#### [Exercise objective]
Look below for the line with "From the shallow" and the line with "Caleb Colter labels"; repeat exactly those two lines and all lines between them, but no pictures.

#### [Provided data]

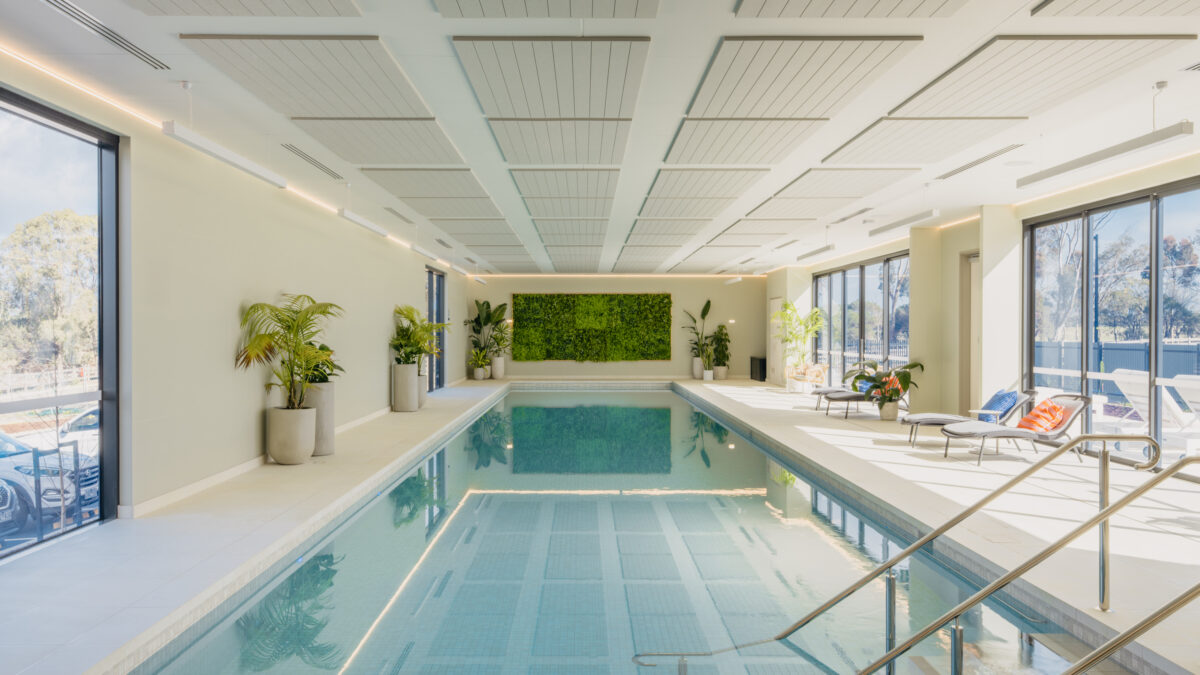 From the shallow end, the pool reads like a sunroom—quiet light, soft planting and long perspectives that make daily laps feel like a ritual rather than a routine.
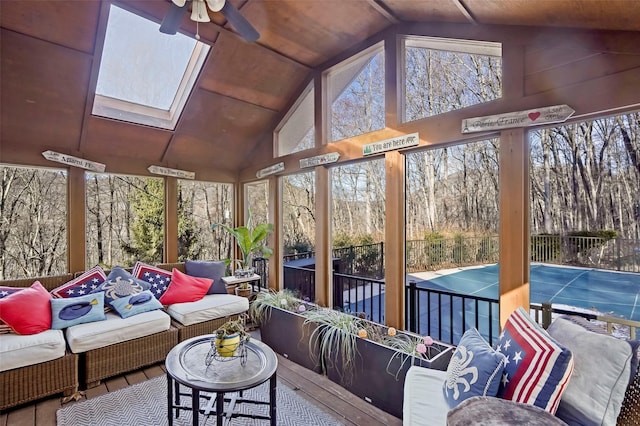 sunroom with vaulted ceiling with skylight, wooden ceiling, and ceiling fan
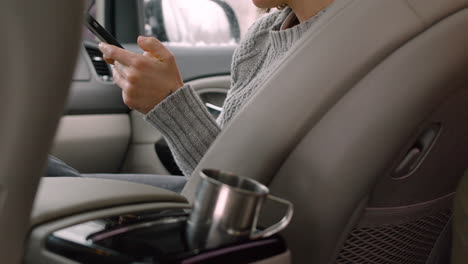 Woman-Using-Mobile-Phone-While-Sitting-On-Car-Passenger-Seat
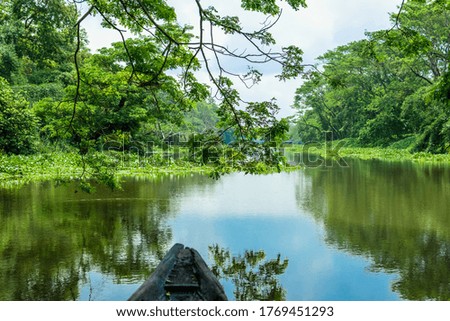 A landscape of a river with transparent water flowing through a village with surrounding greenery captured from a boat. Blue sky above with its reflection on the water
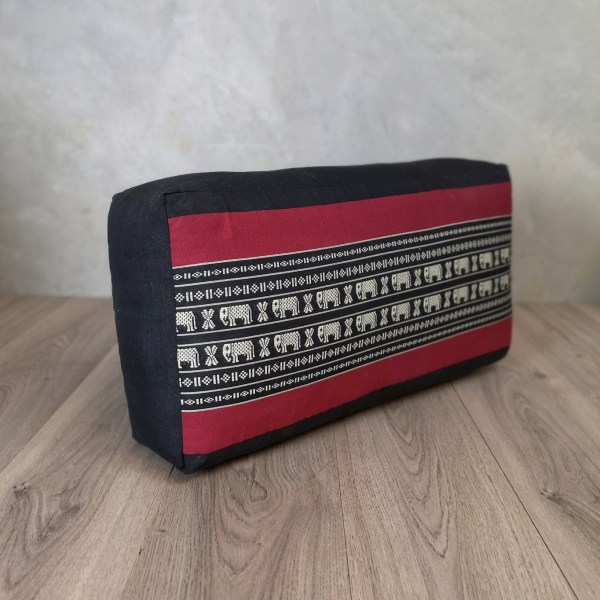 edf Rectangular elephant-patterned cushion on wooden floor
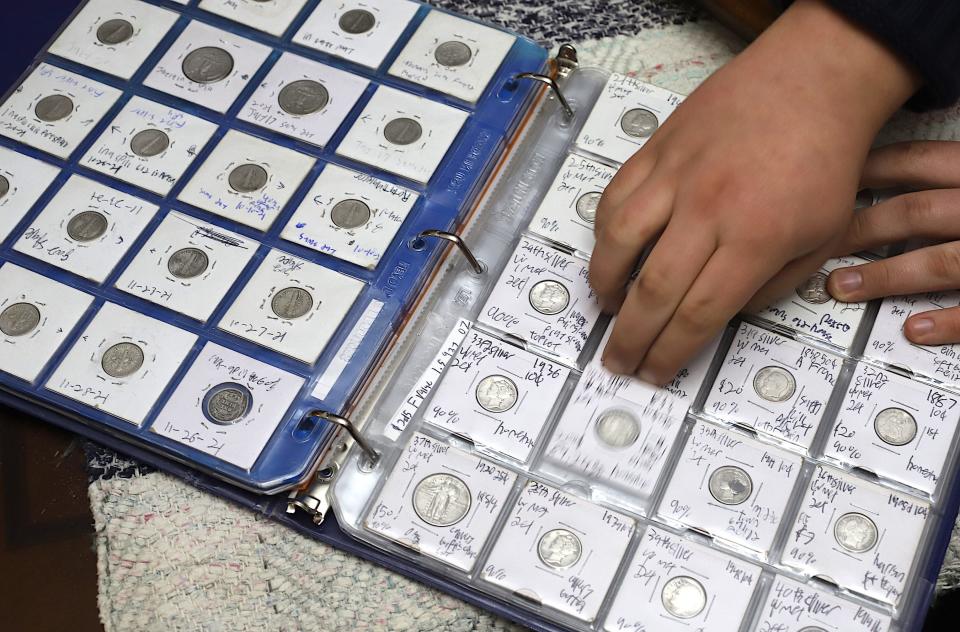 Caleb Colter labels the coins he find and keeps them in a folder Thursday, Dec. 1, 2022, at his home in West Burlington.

--

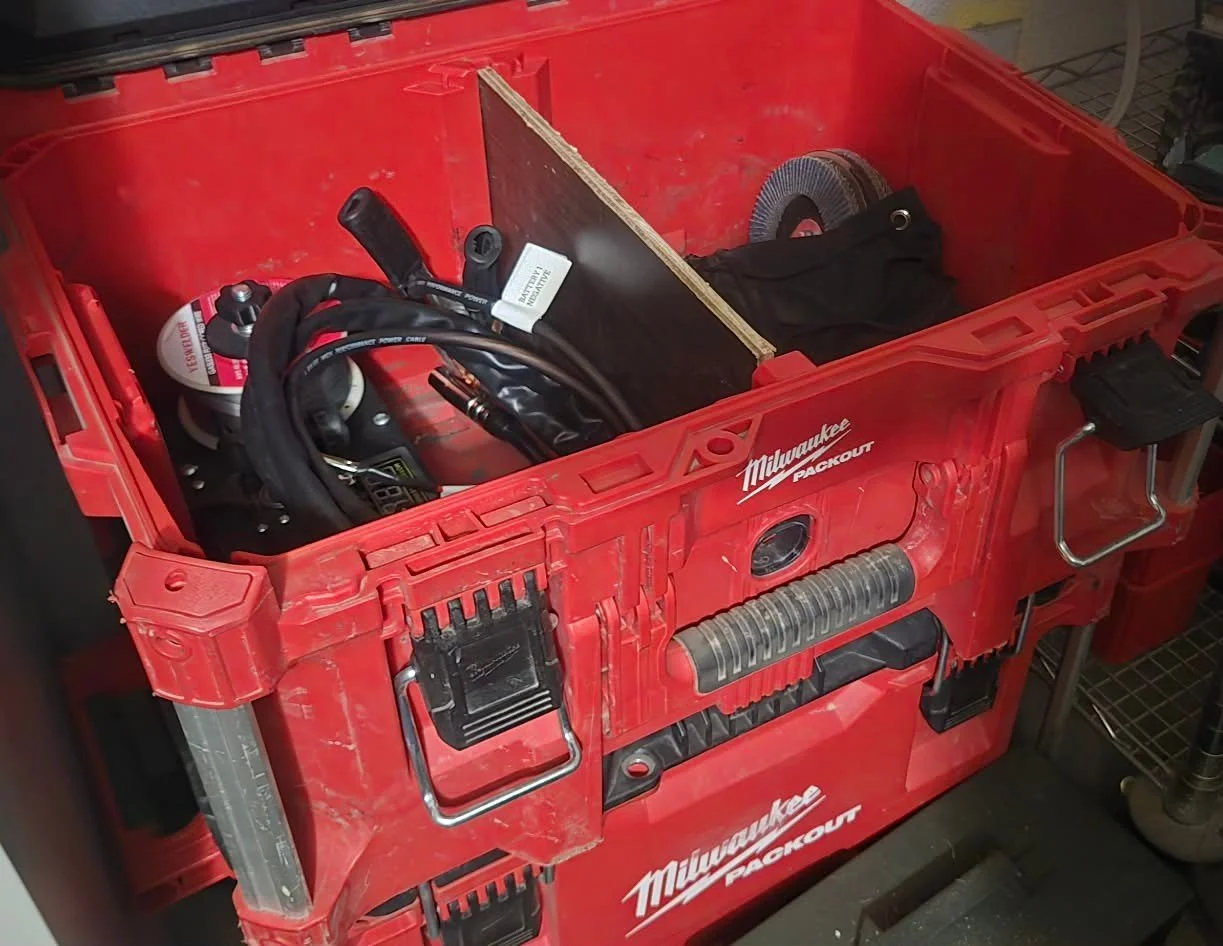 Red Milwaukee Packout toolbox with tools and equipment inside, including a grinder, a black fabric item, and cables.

* * *

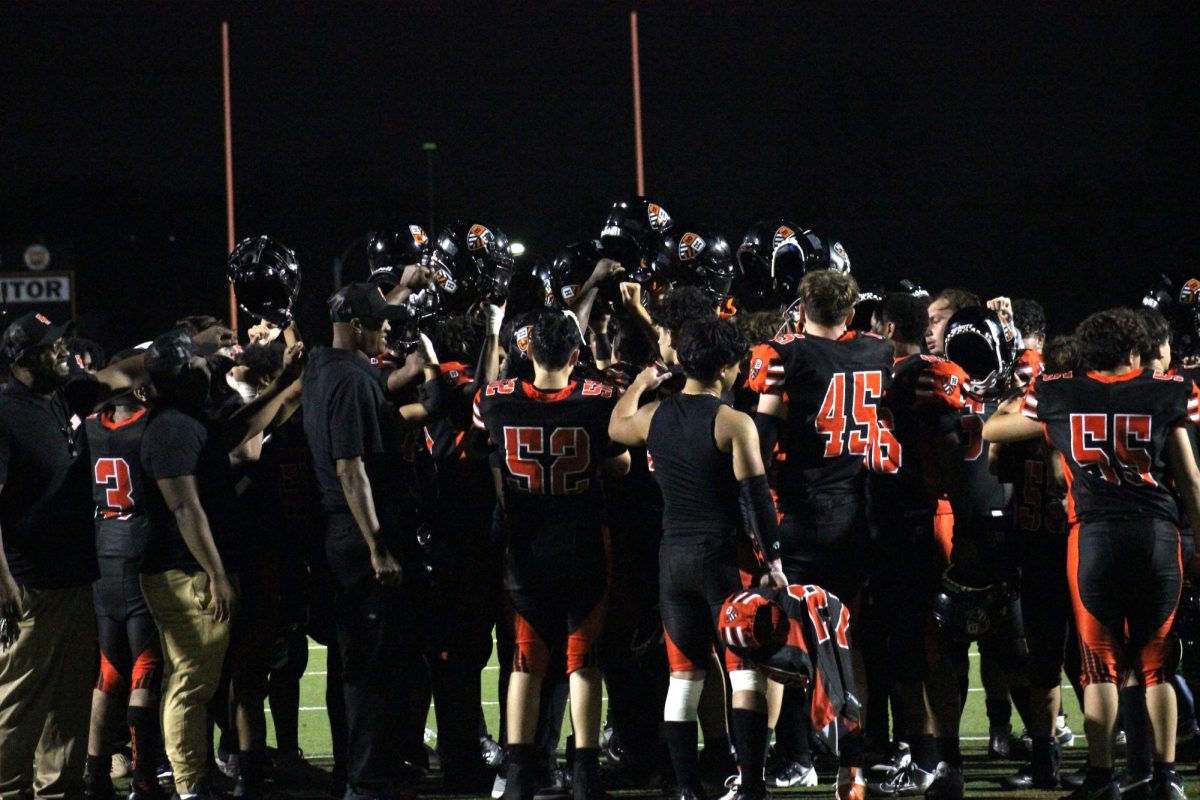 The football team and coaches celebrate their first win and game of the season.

#### [Written response]
 From the shallow end, the pool reads like a sunroom—quiet light, soft planting and long perspectives that make daily laps feel like a ritual rather than a routine.
 sunroom with vaulted ceiling with skylight, wooden ceiling, and ceiling fan
 Woman-Using-Mobile-Phone-While-Sitting-On-Car-Passenger-Seat
 A landscape of a river with transparent water flowing through a village with surrounding greenery captured from a boat. Blue sky above with its reflection on the water
 edf Rectangular elephant-patterned cushion on wooden floor
 Caleb Colter labels the coins he find and keeps them in a folder Thursday, Dec. 1, 2022, at his home in West Burlington.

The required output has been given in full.